▶ Source data:
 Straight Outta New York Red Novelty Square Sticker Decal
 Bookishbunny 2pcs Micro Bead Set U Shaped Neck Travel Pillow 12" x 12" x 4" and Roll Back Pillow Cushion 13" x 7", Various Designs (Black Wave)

* * *

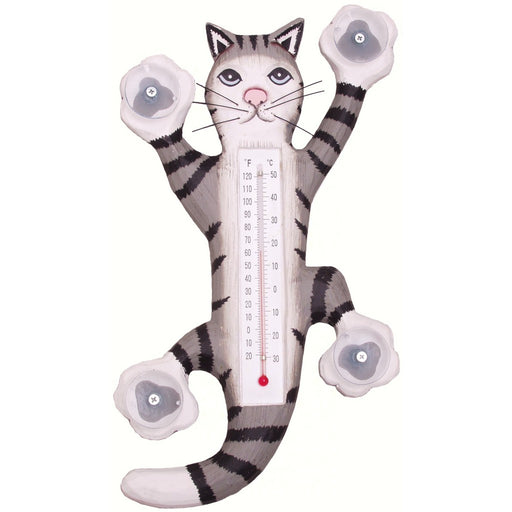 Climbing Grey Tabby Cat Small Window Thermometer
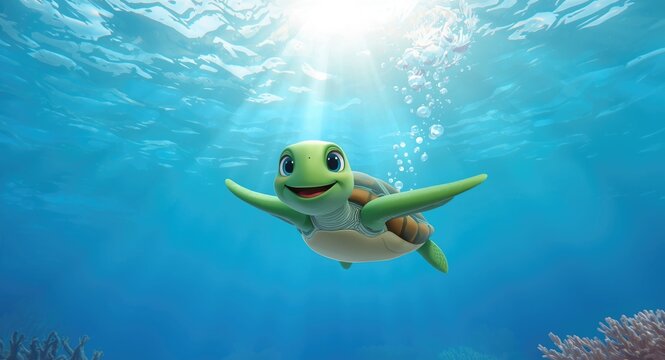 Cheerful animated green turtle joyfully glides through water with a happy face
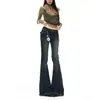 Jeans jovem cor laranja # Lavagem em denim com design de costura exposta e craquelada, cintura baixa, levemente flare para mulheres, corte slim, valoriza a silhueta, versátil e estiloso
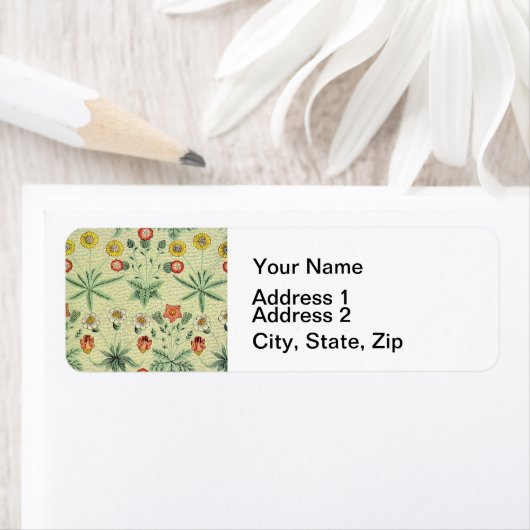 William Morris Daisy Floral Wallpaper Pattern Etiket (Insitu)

...

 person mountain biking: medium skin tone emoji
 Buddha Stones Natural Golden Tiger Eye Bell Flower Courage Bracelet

▶ What you should do: Only the lines above from the one with "Straight Outta New" through the one with "Bookishbunny 2pcs Micro" should be duplicated, character for character.

▶ Result:
 Straight Outta New York Red Novelty Square Sticker Decal
 Bookishbunny 2pcs Micro Bead Set U Shaped Neck Travel Pillow 12" x 12" x 4" and Roll Back Pillow Cushion 13" x 7", Various Designs (Black Wave)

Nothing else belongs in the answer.